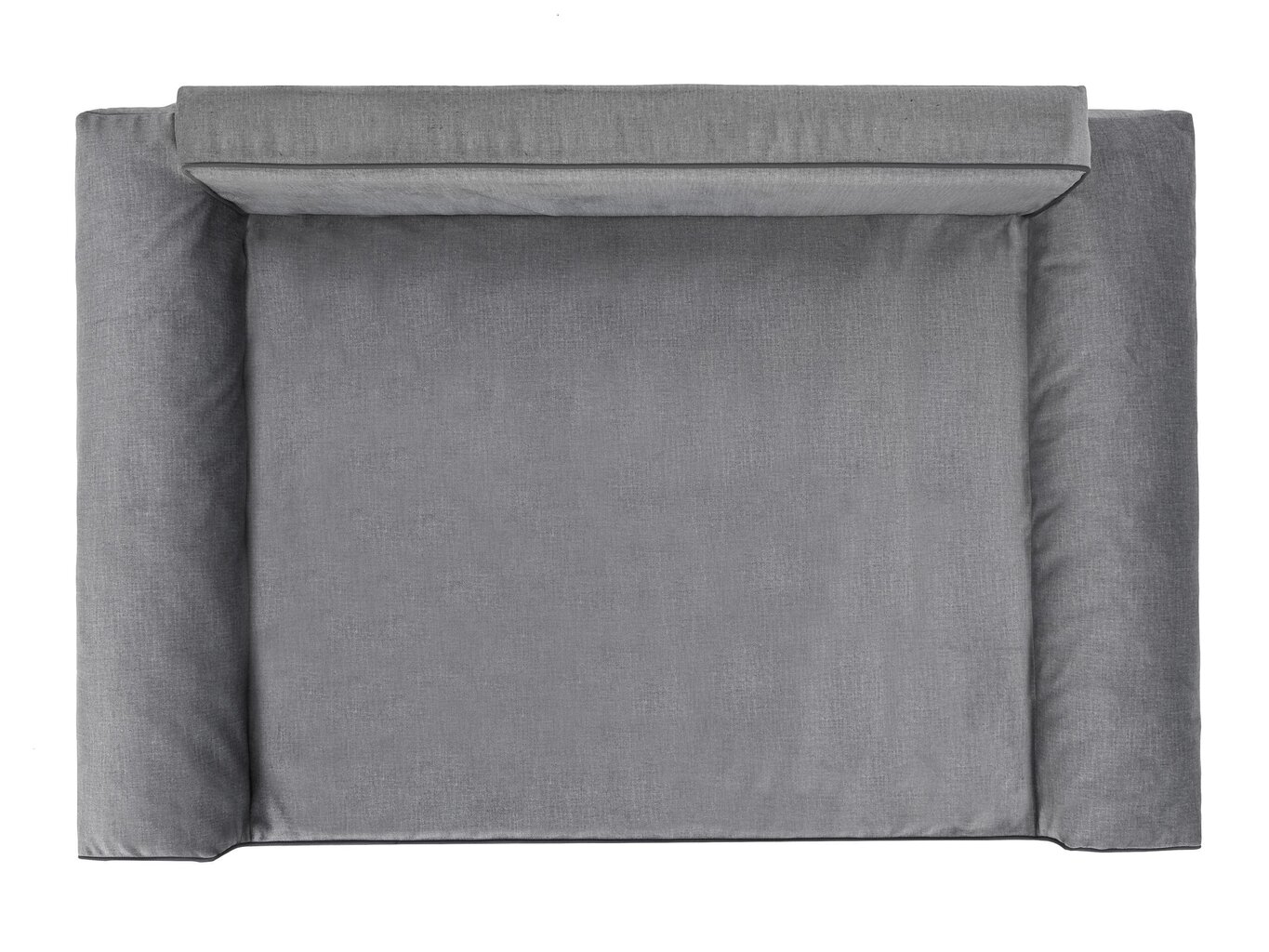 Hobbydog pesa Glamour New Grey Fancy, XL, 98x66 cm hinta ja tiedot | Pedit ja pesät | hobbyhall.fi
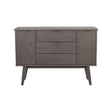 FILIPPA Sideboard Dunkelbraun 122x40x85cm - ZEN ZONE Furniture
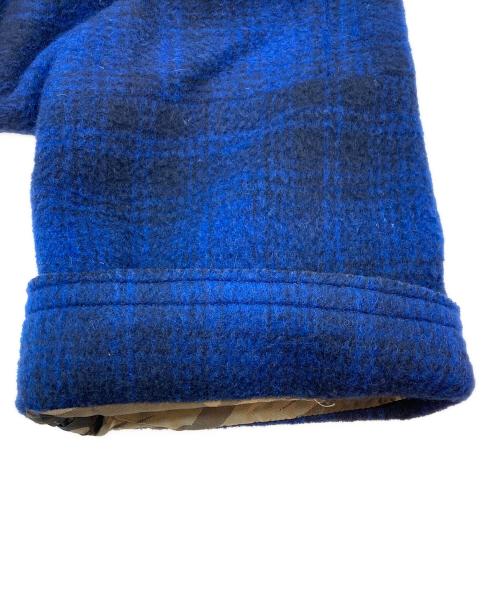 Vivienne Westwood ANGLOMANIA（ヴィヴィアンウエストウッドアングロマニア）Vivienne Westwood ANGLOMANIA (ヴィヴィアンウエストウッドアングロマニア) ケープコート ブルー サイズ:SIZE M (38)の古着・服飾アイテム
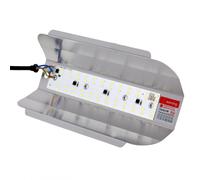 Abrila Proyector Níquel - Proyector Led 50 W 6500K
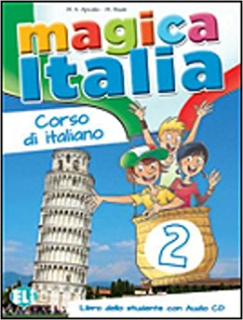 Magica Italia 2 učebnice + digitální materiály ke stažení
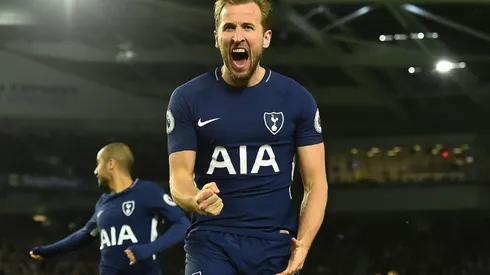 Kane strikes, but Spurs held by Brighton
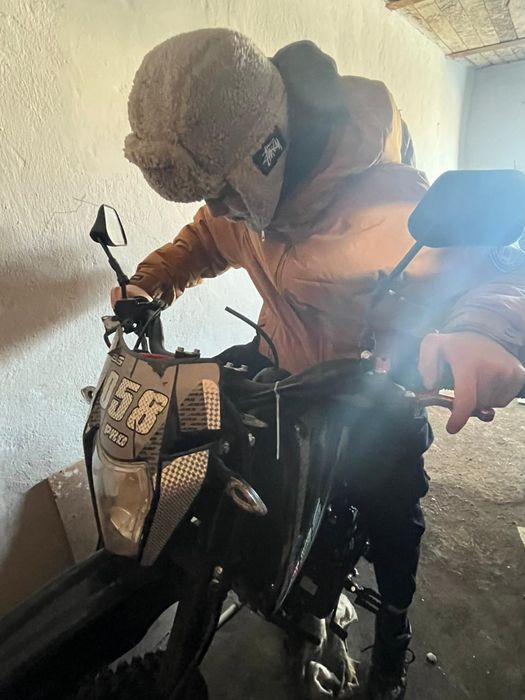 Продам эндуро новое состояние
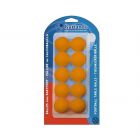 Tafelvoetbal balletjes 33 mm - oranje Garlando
----
* WHAT IS NEEDED *
All preceding records should be duplicated verbatim, images excepted.

* ANSWER TO THIS PROBLEM *
 Hobbydog pesa Glamour New Grey Fancy, XL, 98x66 cm hinta ja tiedot | Pedit ja pesät | hobbyhall.fi
 FILIPPA Sideboard Dunkelbraun 122x40x85cm - ZEN ZONE Furniture
 Vivienne Westwood ANGLOMANIA（ヴィヴィアンウエストウッドアングロマニア）Vivienne Westwood ANGLOMANIA (ヴィヴィアンウエストウッドアングロマニア) ケープコート ブルー サイズ:SIZE M (38)の古着・服飾アイテム
 Abrila Proyector Níquel - Proyector Led 50 W 6500K
 Magica Italia 2 učebnice + digitální materiály ke stažení
 Kane strikes, but Spurs held by Brighton
 Продам эндуро новое состояние
 Tafelvoetbal balletjes 33 mm - oranje Garlando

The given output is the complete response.